In Unicode, a Private Use Area (PUA) is a range of code points that, by definition, will not be assigned characters by the Unicode Consortium. Currently, three private use areas are defined: one in the Basic Multilingual Plane (
U+F8FF), and one each in, and nearly covering, planes 15 and 16 (
U+10FFFD). The code points in these areas cannot be considered as standardized characters in Unicode itself. They are intentionally left undefined so that third parties may define their own characters without conflicting with Unicode Consortium assignments. Under the Unicode Stability Policy, the Private Use Areas will remain allocated for that purpose in all future Unicode versions.
Assignments to Private Use Area characters need not be "private" in the sense of strictly internal to an organisation; a number of assignment schemes have been published by several organisations. Such publication may include a font that supports the definition (showing the glyphs), and software making use of the private-use characters (e.g. a graphics character for a "print document" function). By definition, multiple private parties may assign different characters to the same code point, with the consequence that a user may see one private character from an installed font where a different one was intended.
Under the Unicode definition, code points in the Private Use Areas are assigned characters—they are not noncharacters, reserved, or unassigned. Their category is "
Other, private use (Co)", and no character names are specified. No representative glyphs are provided, and character semantics are left to private agreement.
Private-use characters are assigned Unicode code points whose interpretation is not specified by this standard and whose use may be determined by private agreement among cooperating users. These characters are designated for private use and do not have defined, interpretable semantics except by private agreement.
No charts are provided for private-use characters, as any such characters are, by their very nature, defined only outside the context of this standard.
In the Basic Multilingual Plane (plane 0), the block titled Private Use Area has 6400 code points. Planes 15 and 16 are almost[note 1] entirely assigned to two further Private Use Areas, Supplemental Private Use Area-A and Supplemental Private Use Area-B respectively.
Many people and institutions have created character collections for the PUA. Some of these private use agreements are published, so other PUA implementers can aim for unused or less used code points to prevent overlaps. Several characters and scripts previously encoded in private use agreements have actually been fully encoded in Unicode, necessitating mappings from the PUA to other Unicode code points.
One of the more well-known and broadly implemented PUA agreements is maintained by the ConScript Unicode Registry (CSUR). The CSUR, which is not officially endorsed or associated with the Unicode Consortium, provides a mapping for constructed scripts, such as Klingon pIqaD and Ferengi script (Star Trek), Tengwar and Cirth (J.R.R. Tolkien's cursive and runic scripts), Alexander Melville Bell's Visible Speech, and Dr.
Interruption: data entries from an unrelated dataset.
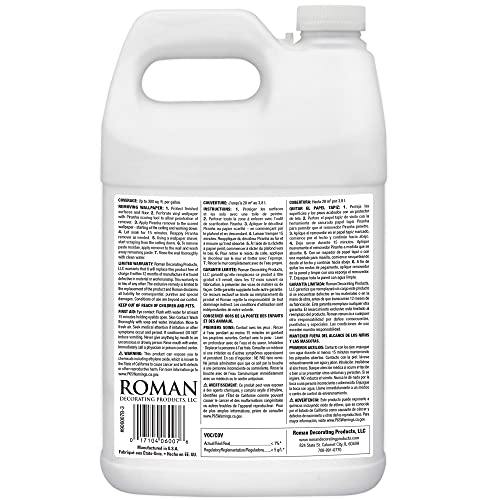 Roman Adhesives 206007 Liquid Spray Wallpaper And Paste Remover Ready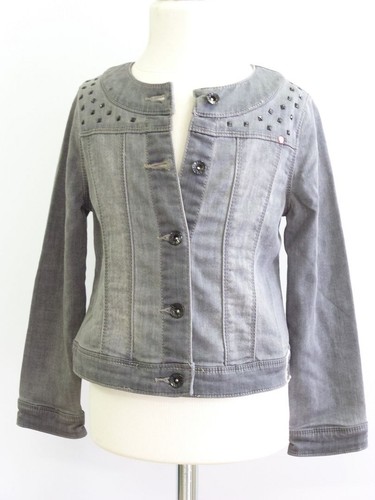 Veste jean sorry for the - jean,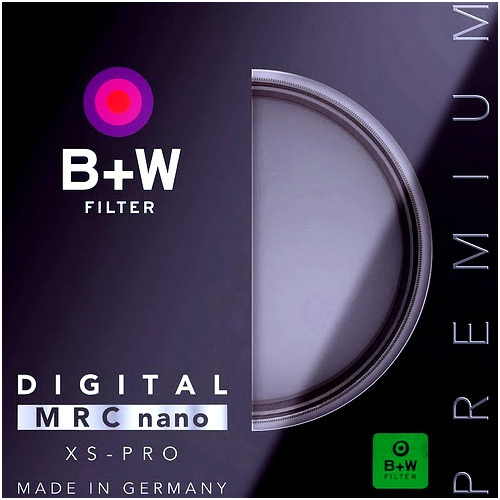 B+W filtr UV XS-Pro Digital MRC nano 39 mm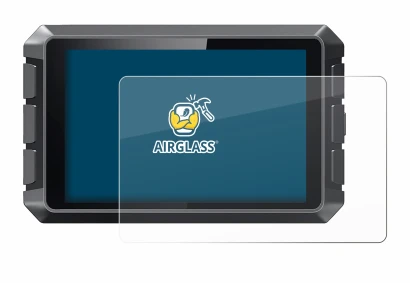 Image of the device Creality Sonic Pad with a wide variety of screen protectors.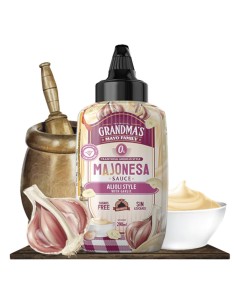 Salsa, GRANDMAS Majonesa,...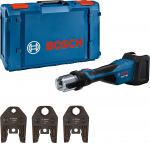 Juhtmeta torupressimist&ouml;&ouml;riist Bosch GPT 18V-32; 18 V (ilma aku ja laadijata)
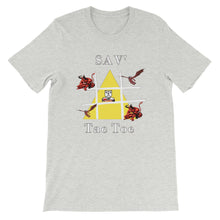 Load image into Gallery viewer, Ladies Sav&#39; Tac Toe Tee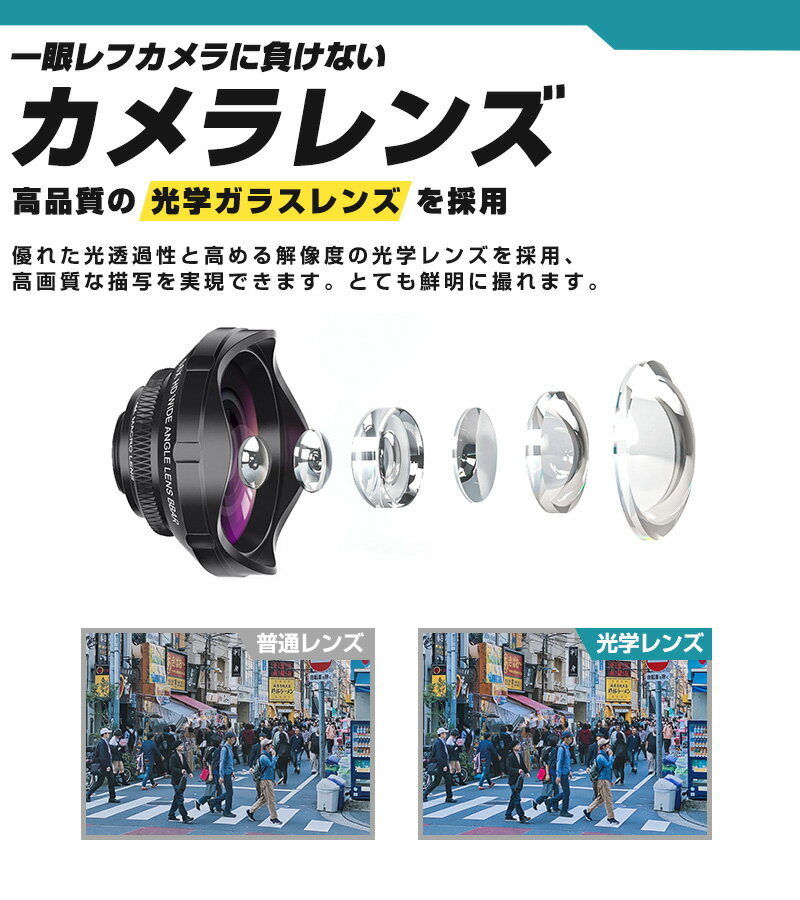 ���� �ܼ̥�� 12X 6X ��󥺥��å� ��󥺥��С� ���ޥ��ѥ�� �ޥ��� �����ե��� iPhone ���󥹥� Instagram android ����� ���ޡ��ȥե����� ���륫��� 12�ܥ�� ���ޥۥ������ ���ѥ�� ���ϰϻ��� �ޥ������ Lens ���������å��ʼ̿�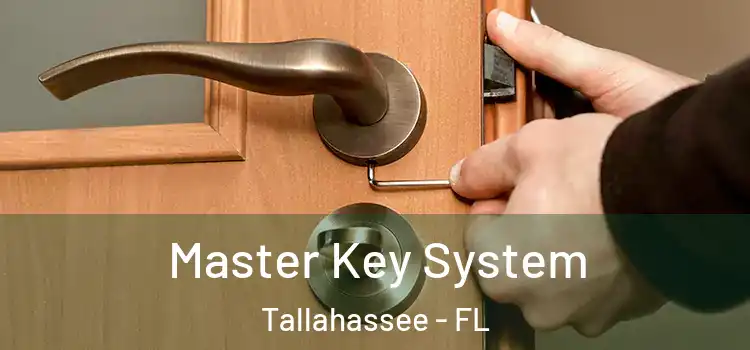 Master Key System Tallahassee - FL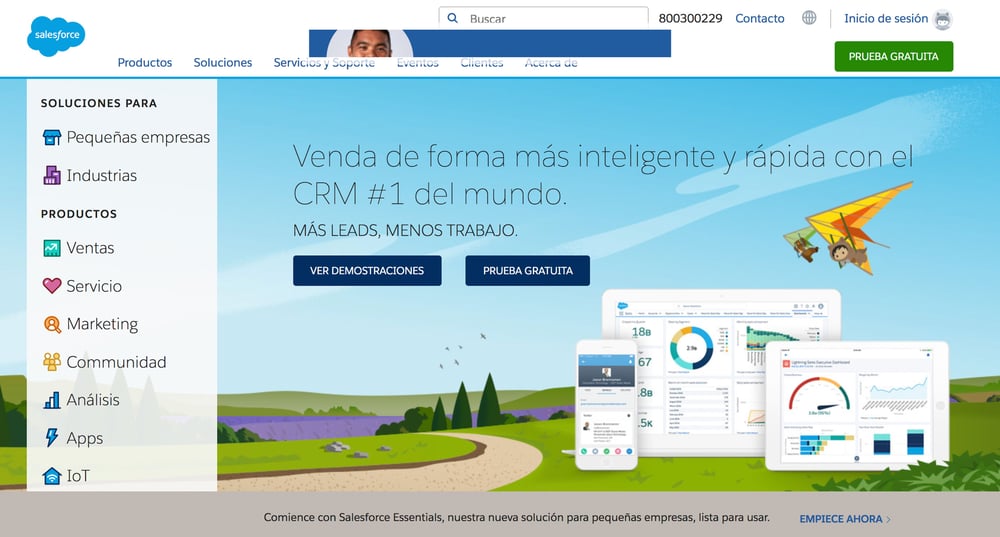 Software-de-Inbound-Marketing-Salesforce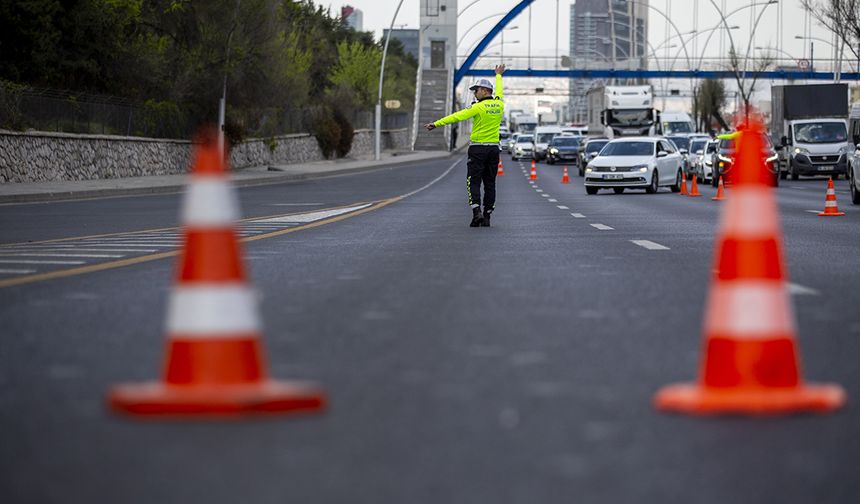 İstanbullular dikkat! Pazar günü bu yollar kapalı olacak!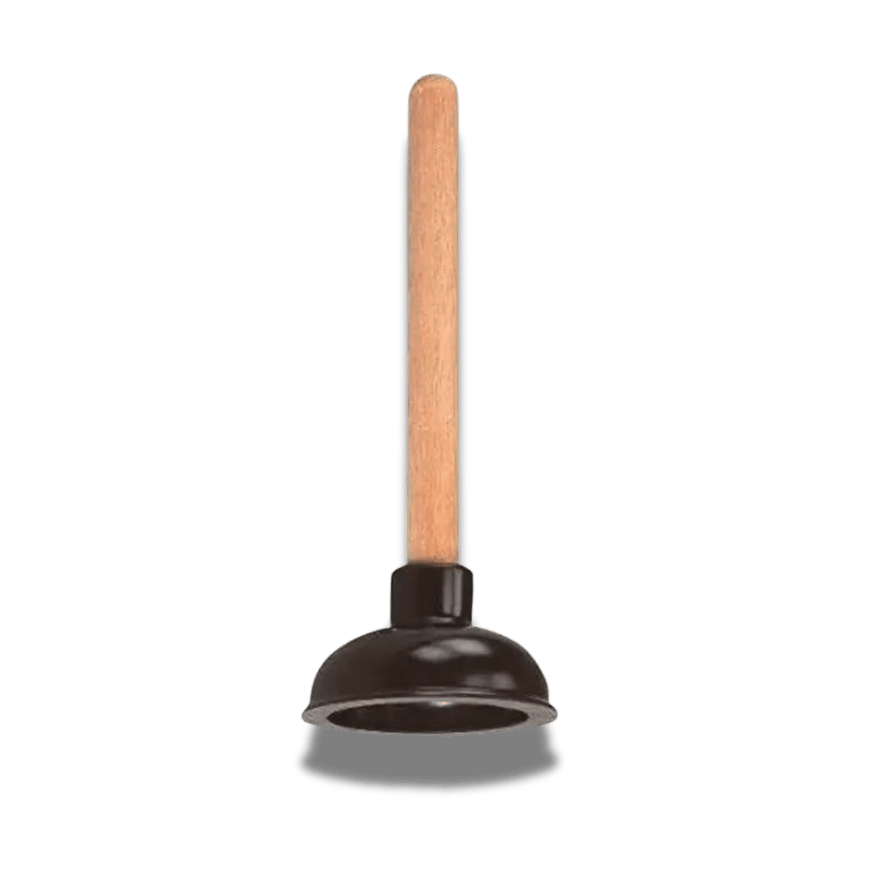 Small Drain Plunger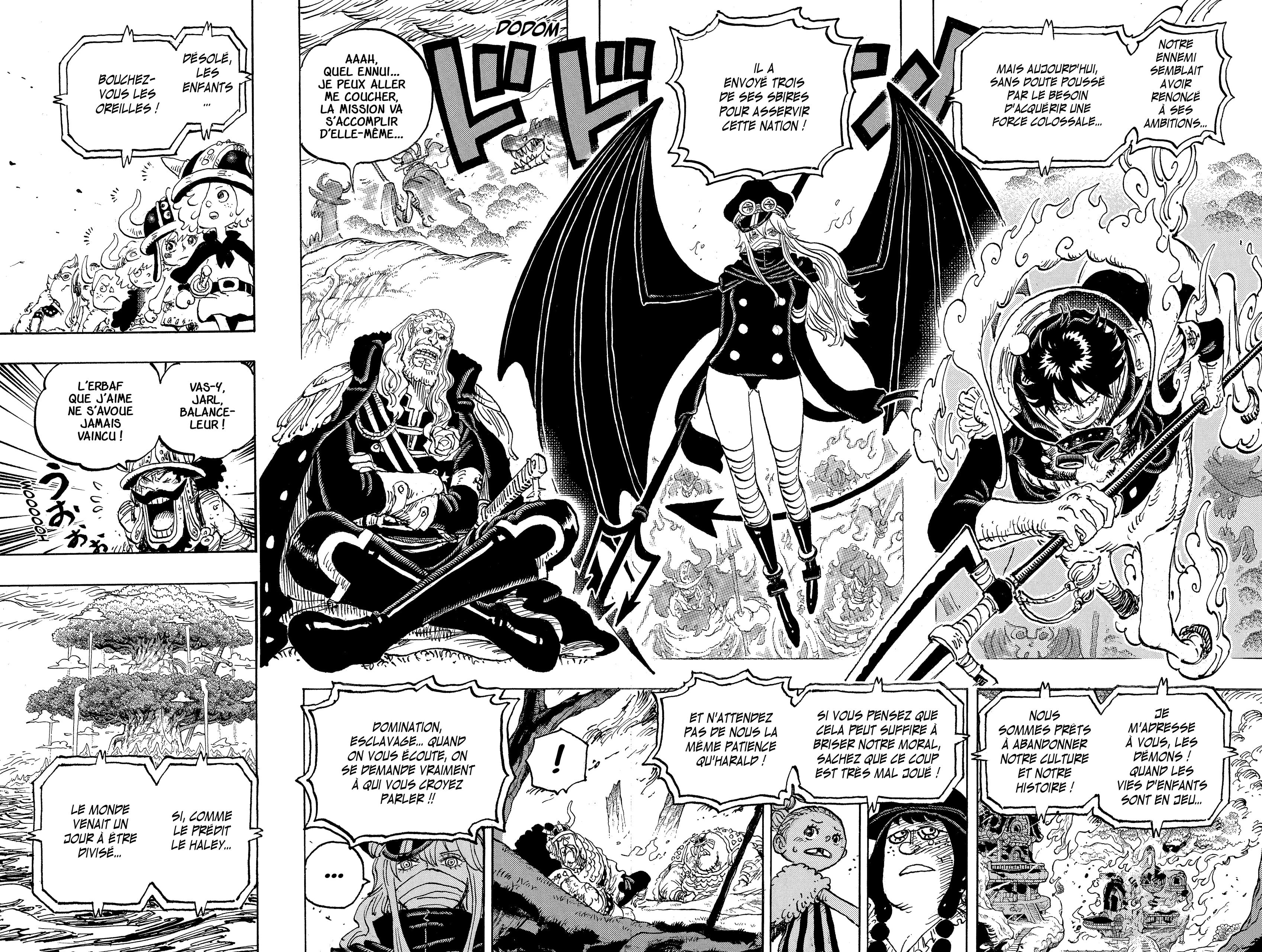 Read One Piece VF Manga Online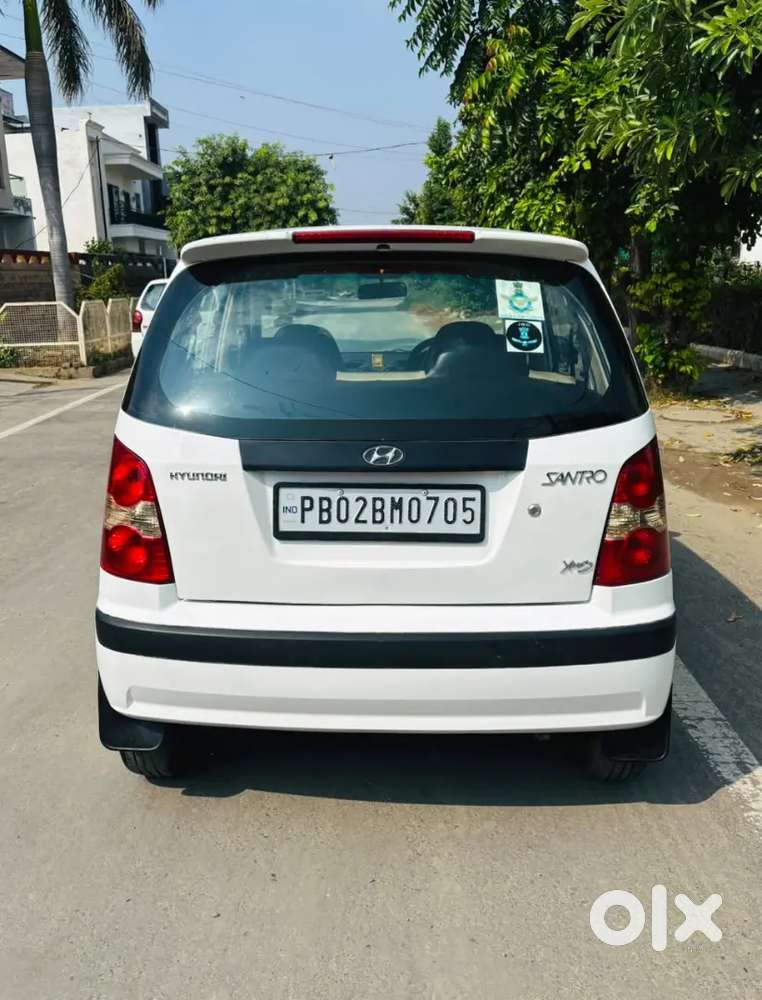 2011 Hyundai Santro Xing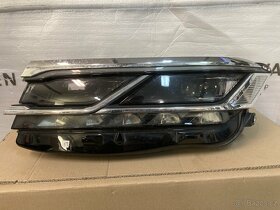 VW TOUAREG 760 , Levé Přední světlo FULL LED , 761941081 - 7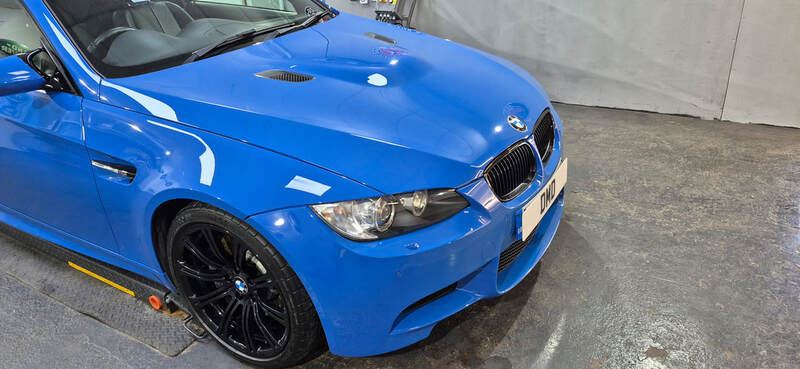 Car Paint Protection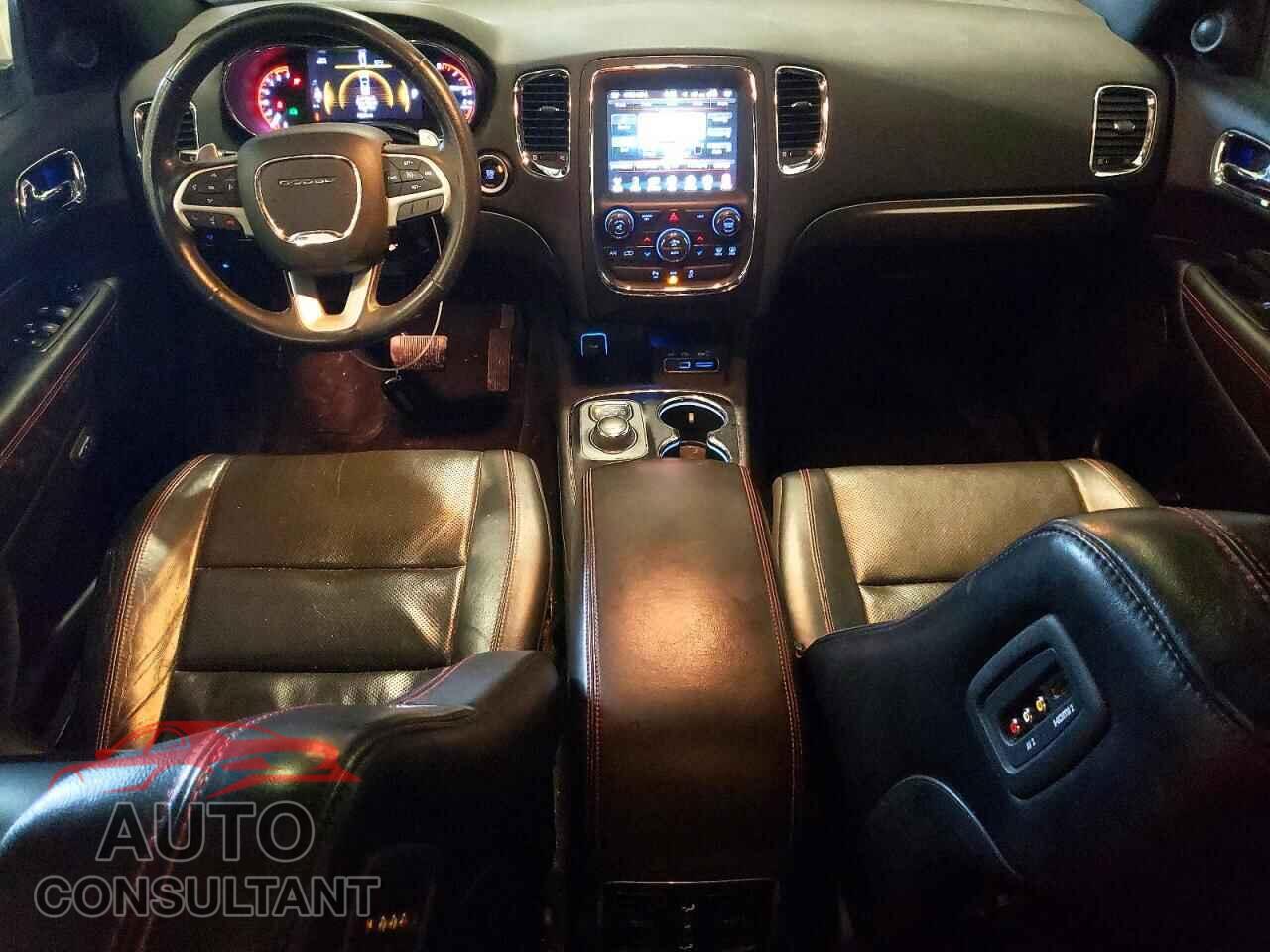 DODGE DURANGO 2015 - 1C4SDJCT3FC851001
Seuss' alphabet from On Beyond Zebra. The CSUR previously encoded the undeciphered Phaistos characters, as well as the Shavian and Deseret alphabets, which have all been accepted for official encoding in Unicode.
Another common PUA agreement is maintained by the Medieval Unicode Font Initiative (MUFI). This project is attempting to support all of the scribal abbreviations, ligatures, precomposed characters, symbols, and alternate letterforms found in medieval texts written in the Latin alphabet. The express purpose of MUFI is to experimentally determine which characters are necessary to represent these texts, and to have those characters officially encoded in Unicode. As of Unicode version 5.1, 152 MUFI characters have been incorporated into the official Unicode encoding.
Some agreed-upon PUA character collections exist in part or whole because Unicode Consortium is in no hurry to encode them. Some, such as unrepresented languages, are likely to end up encoded in the future. Some unusual cases such as fictional languages are outside the usual scope of Unicode but not explicitly ruled out by the principles of Unicode, and may show up eventually (such as the Star Trek and Tolkien writing systems). In other cases, the proposed encoding violates one or more Unicode principles and hence is unlikely to ever be officially recognized by Unicode—mostly where users want to directly encode alternate forms, ligatures, or base-character-plus-diacritic combinations (such as the TUNE scheme).
|Publishing organisation||Topic||PUA area used||Font|
|CSUR||Artificial scripts||PUA (BMP) and Plane 15||Code2000|
|MUFI||Medieval scripts||PUA (BMP)||several|
|SIL||Phonetics and languages||PUA (BMP)||Charis SIL|
|TITUS||Ancient and medieval scripts||PUA (BMP)||TITUS Cyberbit Basic|
Informally, the range U+F000 through U+F8FF is known as Corporate Use Area.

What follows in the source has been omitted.